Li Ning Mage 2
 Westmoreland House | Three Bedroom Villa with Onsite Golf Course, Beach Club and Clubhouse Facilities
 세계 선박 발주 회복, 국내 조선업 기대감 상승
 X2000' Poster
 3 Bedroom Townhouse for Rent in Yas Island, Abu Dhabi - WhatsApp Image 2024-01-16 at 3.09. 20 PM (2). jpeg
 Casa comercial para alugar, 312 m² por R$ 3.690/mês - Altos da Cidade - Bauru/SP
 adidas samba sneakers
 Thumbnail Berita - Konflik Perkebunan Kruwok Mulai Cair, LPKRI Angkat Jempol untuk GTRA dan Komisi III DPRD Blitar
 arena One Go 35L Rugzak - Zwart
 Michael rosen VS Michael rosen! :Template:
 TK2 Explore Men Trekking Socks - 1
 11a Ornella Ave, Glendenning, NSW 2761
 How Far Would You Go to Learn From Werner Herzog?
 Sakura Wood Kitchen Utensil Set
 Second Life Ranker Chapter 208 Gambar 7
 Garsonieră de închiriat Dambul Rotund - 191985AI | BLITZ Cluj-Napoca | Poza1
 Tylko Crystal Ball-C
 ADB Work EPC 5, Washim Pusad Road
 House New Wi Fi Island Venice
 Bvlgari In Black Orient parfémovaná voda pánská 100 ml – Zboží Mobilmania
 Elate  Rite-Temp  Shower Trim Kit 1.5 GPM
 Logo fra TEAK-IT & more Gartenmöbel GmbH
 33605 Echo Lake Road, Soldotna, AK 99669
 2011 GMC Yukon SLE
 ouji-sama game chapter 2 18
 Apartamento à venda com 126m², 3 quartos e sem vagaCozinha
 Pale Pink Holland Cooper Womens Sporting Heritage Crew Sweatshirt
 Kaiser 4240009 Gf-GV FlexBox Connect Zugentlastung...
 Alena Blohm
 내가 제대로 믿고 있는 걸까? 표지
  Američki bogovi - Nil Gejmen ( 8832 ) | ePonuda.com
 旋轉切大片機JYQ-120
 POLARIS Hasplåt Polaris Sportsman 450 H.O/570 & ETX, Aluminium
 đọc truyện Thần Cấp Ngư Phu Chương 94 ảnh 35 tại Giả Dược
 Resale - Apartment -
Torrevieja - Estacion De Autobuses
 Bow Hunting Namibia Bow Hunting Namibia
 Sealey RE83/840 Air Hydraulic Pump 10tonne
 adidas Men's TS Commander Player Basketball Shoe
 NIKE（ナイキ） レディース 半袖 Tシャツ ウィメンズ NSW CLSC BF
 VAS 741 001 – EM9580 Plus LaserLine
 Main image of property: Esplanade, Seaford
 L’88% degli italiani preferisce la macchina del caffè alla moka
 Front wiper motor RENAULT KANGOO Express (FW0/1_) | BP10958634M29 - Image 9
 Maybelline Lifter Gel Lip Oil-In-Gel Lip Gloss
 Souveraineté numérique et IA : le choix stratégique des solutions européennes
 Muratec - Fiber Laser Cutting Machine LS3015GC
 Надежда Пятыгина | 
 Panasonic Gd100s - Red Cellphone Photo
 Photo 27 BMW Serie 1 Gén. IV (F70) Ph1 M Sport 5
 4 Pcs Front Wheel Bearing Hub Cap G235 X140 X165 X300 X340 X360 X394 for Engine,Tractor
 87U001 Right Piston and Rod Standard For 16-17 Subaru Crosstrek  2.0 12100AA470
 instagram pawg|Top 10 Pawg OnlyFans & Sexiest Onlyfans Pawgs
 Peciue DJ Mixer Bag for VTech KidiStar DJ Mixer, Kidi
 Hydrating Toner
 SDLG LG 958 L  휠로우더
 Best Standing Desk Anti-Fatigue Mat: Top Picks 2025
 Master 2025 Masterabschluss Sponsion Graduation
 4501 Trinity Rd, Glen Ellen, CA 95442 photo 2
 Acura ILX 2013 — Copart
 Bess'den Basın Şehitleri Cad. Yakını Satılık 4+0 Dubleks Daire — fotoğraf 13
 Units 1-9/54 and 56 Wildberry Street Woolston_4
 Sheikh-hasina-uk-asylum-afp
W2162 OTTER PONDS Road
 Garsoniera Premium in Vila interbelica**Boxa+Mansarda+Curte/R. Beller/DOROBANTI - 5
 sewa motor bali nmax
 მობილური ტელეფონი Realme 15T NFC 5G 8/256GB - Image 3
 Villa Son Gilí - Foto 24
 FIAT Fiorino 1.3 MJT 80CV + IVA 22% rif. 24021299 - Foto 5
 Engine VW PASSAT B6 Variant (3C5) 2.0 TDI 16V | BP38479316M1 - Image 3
- - - - -
→ **DIRECTIONS FOR THIS TASK**: Line by line, reproduce the material exactly.

→ **OUTPUT OF THE EXERCISE**:
Li Ning Mage 2
 Westmoreland House | Three Bedroom Villa with Onsite Golf Course, Beach Club and Clubhouse Facilities
 세계 선박 발주 회복, 국내 조선업 기대감 상승
 X2000' Poster
 3 Bedroom Townhouse for Rent in Yas Island, Abu Dhabi - WhatsApp Image 2024-01-16 at 3.09. 20 PM (2). jpeg
 Casa comercial para alugar, 312 m² por R$ 3.690/mês - Altos da Cidade - Bauru/SP
 adidas samba sneakers
 Thumbnail Berita - Konflik Perkebunan Kruwok Mulai Cair, LPKRI Angkat Jempol untuk GTRA dan Komisi III DPRD Blitar
 arena One Go 35L Rugzak - Zwart
 Michael rosen VS Michael rosen! :Template:
 TK2 Explore Men Trekking Socks - 1
 11a Ornella Ave, Glendenning, NSW 2761
 How Far Would You Go to Learn From Werner Herzog?
 Sakura Wood Kitchen Utensil Set
 Second Life Ranker Chapter 208 Gambar 7
 Garsonieră de închiriat Dambul Rotund - 191985AI | BLITZ Cluj-Napoca | Poza1
 Tylko Crystal Ball-C
 ADB Work EPC 5, Washim Pusad Road
 House New Wi Fi Island Venice
 Bvlgari In Black Orient parfémovaná voda pánská 100 ml – Zboží Mobilmania
 Elate  Rite-Temp  Shower Trim Kit 1.5 GPM
 Logo fra TEAK-IT & more Gartenmöbel GmbH
 33605 Echo Lake Road, Soldotna, AK 99669
 2011 GMC Yukon SLE
 ouji-sama game chapter 2 18
 Apartamento à venda com 126m², 3 quartos e sem vagaCozinha
 Pale Pink Holland Cooper Womens Sporting Heritage Crew Sweatshirt
 Kaiser 4240009 Gf-GV FlexBox Connect Zugentlastung...
 Alena Blohm
 내가 제대로 믿고 있는 걸까? 표지
  Američki bogovi - Nil Gejmen ( 8832 ) | ePonuda.com
 旋轉切大片機JYQ-120
 POLARIS Hasplåt Polaris Sportsman 450 H.O/570 & ETX, Aluminium
 đọc truyện Thần Cấp Ngư Phu Chương 94 ảnh 35 tại Giả Dược
 Resale - Apartment -
Torrevieja - Estacion De Autobuses
 Bow Hunting Namibia Bow Hunting Namibia
 Sealey RE83/840 Air Hydraulic Pump 10tonne
 adidas Men's TS Commander Player Basketball Shoe
 NIKE（ナイキ） レディース 半袖 Tシャツ ウィメンズ NSW CLSC BF
 VAS 741 001 – EM9580 Plus LaserLine
 Main image of property: Esplanade, Seaford
 L’88% degli italiani preferisce la macchina del caffè alla moka
 Front wiper motor RENAULT KANGOO Express (FW0/1_) | BP10958634M29 - Image 9
 Maybelline Lifter Gel Lip Oil-In-Gel Lip Gloss
 Souveraineté numérique et IA : le choix stratégique des solutions européennes
 Muratec - Fiber Laser Cutting Machine LS3015GC
 Надежда Пятыгина | 
 Panasonic Gd100s - Red Cellphone Photo
 Photo 27 BMW Serie 1 Gén. IV (F70) Ph1 M Sport 5
 4 Pcs Front Wheel Bearing Hub Cap G235 X140 X165 X300 X340 X360 X394 for Engine,Tractor
 87U001 Right Piston and Rod Standard For 16-17 Subaru Crosstrek  2.0 12100AA470
 instagram pawg|Top 10 Pawg OnlyFans & Sexiest Onlyfans Pawgs
 Peciue DJ Mixer Bag for VTech KidiStar DJ Mixer, Kidi
 Hydrating Toner
 SDLG LG 958 L  휠로우더
 Best Standing Desk Anti-Fatigue Mat: Top Picks 2025
 Master 2025 Masterabschluss Sponsion Graduation
 4501 Trinity Rd, Glen Ellen, CA 95442 photo 2
 Acura ILX 2013 — Copart
 Bess'den Basın Şehitleri Cad. Yakını Satılık 4+0 Dubleks Daire — fotoğraf 13
 Units 1-9/54 and 56 Wildberry Street Woolston_4
 Sheikh-hasina-uk-asylum-afp
W2162 OTTER PONDS Road
 Garsoniera Premium in Vila interbelica**Boxa+Mansarda+Curte/R. Beller/DOROBANTI - 5
 sewa motor bali nmax
 მობილური ტელეფონი Realme 15T NFC 5G 8/256GB - Image 3
 Villa Son Gilí - Foto 24
 FIAT Fiorino 1.3 MJT 80CV + IVA 22% rif. 24021299 - Foto 5
 Engine VW PASSAT B6 Variant (3C5) 2.0 TDI 16V | BP38479316M1 - Image 3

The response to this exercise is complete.